Would you also be targeting television programmes that are increasingly making VFX a part of their storytelling?
For the time-being at least the majority of our film clients are likely to be north American, as Hollywood continues to drive demand for our work. The new and emerging VOD services do represent an enormous change, however, and the boom in episodic work is extremely exciting. While there’s significant crossover in terms of the writing, acting and directorial talent involved, the scope to expand universes and really dig into storylines is significant. This obviously means there’s tremendous scope for companies like Framestore, as seen with a TV show like His Dark Materials which required some 2,000 shots of film-quality VFX work. Beyond film and TV, we have worked with a number of Chinese clients in the immersive sector – notably ‘Pearl Quest’, a dark ride project for China’s Wanda Group and, most recently, in creating five state-of-the-art attractions for the Lionsgate Entertainment World theme park in Zhuhai Hengqin.
Any plans of servicing non-Hollywood markets like Indian movies and local content?
Our work is driven by the needs and demands of our clients. We don’t have any Indian projects on our cards at the moment, but when you look at the partnerships our clients are currently inking with Indian producers that could well change in the future.
What projects are in the pipeline?
We have wide and varied slate of film and TV projects at the moment, from live-action updates of Disney classics and superhero features, to thrillers and horror titles. We also work across advertising and immersive entertainment (which encompasses VR, MR, AR and theme park rides), so it’s a huge melting pot of exciting, challenging projects.
Recent and upcoming films
Tom & Jerry (Warner Bros.); Mulan (Disney); Wonder Woman 1984 (Warner Bros.); Timmy Failure (Disney+); No Time To Die (Eon)’ The King’s Man (20th Century Fox); The Aeronauts (Amazon Studios); The Voyage Of Doctor Dolittle (Universal); Artemis Fowl (Disney); The Secret Garden (STUDIOCANAL); A Boy Called Christmas (Netflix/Studiocanal); The Suicide Squad (Warner Bros.); Army Of The Dead (Netflix)
Recent and upcoming episodic titles
His Dark Materials (BBC/HBO); The Witcher (Netflix); See (Apple TV+); The Crown (Netflix); A Christmas Carol (BBC); The Marvellous Mrs Maisel (Amazon); Watchmen (HBO).
Any projects that you have been approached for?
We’ve got some incredibly exciting projects on the cards, but unfortunately we’re not allowed to talk about them just now.
Would you say that filmmakers in the current times are progressively coming around to the importance of VFX?
It’s definitely being seen as a fundamental part of the film-making process nowadays. When people think of VFX they might typically think of superhero films, sci-fi epics and fantasy titles, but our work goes far beyond this. We’ve provided ‘invisible FX’ for films like Downton Abbey, while a film like The Aeronauts – a period adventure film where most of the action takes place in a hot air balloon – relied heavily on photorealistic CG environments.

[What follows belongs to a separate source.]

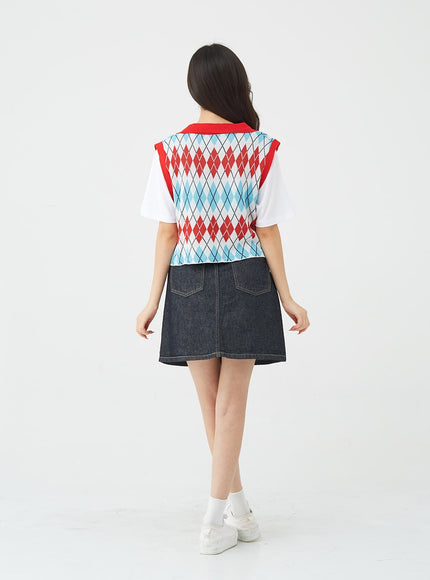Vintage Color Denim Mini Skirt BG04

Topics like digital humans, AI and de-aging are also coming more and more to the fore, and being utilised by directors across the film-making spectrum.
Lastly, what advice would you give to the aspirants and budding VFX artists who would like to work with your studio?

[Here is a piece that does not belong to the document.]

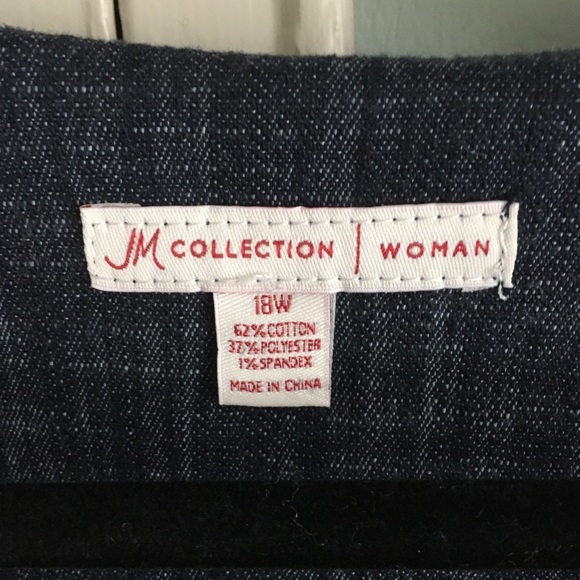 JM Collecton 18W Jacket Top Blouse Denim Look Soft - Picture 3 of 4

On a practical level, it’s important to have a great showreel – one that demonstrates your talent and the breadth of your work, but also passion and flair for a particular department or specialism. Equally important for us, however, is outlook and ethos. It’s important to be creative and technically excellent, but we also want great communicators and great collaborators who are hungry to learn, develop and share what they know with their colleagues.